§ Exercise instructions
In the entries below, find each line where the word "with" appears and give only the total count of such lines.

§ Recorded information

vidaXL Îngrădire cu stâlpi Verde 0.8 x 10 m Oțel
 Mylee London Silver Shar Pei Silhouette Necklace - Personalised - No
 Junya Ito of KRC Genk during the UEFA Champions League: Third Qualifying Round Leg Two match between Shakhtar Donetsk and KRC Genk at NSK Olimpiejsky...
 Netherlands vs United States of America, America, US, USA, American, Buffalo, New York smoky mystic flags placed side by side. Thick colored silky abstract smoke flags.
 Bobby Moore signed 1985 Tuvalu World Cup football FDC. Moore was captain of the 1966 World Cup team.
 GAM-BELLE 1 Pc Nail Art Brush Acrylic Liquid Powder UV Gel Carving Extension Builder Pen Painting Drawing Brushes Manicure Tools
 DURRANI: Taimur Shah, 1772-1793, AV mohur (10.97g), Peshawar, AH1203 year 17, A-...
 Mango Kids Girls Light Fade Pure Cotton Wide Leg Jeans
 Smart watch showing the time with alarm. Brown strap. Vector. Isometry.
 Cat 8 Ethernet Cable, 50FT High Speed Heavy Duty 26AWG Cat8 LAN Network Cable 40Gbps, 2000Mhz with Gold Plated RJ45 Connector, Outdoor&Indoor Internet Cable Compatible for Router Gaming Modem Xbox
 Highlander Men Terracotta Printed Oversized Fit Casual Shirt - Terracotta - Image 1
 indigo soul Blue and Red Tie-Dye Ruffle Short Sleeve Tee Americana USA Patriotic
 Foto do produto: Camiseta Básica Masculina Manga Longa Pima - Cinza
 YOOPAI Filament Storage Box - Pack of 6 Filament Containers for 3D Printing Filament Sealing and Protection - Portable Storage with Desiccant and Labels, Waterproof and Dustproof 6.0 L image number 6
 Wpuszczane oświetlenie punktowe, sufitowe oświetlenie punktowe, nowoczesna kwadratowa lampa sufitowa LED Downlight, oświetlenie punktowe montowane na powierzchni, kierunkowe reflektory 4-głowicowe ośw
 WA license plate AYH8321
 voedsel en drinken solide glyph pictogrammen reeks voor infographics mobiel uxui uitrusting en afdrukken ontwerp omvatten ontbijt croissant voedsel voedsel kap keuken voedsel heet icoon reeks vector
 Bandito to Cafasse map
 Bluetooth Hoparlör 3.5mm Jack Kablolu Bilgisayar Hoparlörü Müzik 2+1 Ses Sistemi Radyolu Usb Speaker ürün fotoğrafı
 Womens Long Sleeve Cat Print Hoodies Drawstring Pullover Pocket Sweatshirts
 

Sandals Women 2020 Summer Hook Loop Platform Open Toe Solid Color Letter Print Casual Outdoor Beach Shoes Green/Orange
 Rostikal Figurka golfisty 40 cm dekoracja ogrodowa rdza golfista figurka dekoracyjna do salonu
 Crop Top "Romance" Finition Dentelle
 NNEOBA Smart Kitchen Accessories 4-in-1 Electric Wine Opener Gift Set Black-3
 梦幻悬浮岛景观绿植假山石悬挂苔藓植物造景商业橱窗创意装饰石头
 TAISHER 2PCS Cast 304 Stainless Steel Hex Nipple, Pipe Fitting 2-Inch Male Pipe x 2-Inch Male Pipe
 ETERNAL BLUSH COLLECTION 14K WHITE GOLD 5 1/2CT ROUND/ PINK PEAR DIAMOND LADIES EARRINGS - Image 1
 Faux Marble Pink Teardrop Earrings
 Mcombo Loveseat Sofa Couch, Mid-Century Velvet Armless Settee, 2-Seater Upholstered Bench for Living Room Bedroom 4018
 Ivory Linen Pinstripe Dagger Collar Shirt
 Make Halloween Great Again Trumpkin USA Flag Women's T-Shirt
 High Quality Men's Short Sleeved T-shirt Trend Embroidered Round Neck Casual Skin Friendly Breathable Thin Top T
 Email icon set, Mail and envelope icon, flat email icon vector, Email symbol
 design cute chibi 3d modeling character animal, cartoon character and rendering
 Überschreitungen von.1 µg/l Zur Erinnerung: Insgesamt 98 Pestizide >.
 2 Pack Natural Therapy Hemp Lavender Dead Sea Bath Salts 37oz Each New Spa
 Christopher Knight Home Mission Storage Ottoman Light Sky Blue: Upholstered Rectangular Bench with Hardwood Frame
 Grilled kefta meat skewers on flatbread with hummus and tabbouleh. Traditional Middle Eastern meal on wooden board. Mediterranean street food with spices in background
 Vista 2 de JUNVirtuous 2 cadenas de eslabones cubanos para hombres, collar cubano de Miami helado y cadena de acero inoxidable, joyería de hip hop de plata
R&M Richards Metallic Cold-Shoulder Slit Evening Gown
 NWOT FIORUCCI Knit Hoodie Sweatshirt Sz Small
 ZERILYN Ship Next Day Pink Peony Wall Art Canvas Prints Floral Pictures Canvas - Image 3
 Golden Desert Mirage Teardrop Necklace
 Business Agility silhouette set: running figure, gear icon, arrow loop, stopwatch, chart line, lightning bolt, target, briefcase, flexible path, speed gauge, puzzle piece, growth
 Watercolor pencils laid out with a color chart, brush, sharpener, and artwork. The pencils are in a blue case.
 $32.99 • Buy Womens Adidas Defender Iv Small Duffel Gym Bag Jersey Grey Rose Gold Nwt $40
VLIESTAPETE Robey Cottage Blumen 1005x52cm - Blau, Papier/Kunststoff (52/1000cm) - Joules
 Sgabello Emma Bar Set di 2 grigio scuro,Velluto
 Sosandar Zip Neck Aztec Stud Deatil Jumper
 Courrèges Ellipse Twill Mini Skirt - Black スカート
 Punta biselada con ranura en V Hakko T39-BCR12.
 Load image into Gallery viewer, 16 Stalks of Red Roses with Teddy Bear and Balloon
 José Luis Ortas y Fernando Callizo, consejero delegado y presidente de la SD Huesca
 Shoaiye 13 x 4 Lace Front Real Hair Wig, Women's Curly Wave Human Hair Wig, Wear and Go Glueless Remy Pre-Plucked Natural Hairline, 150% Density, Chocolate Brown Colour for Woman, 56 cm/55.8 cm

§ Exercise solution
7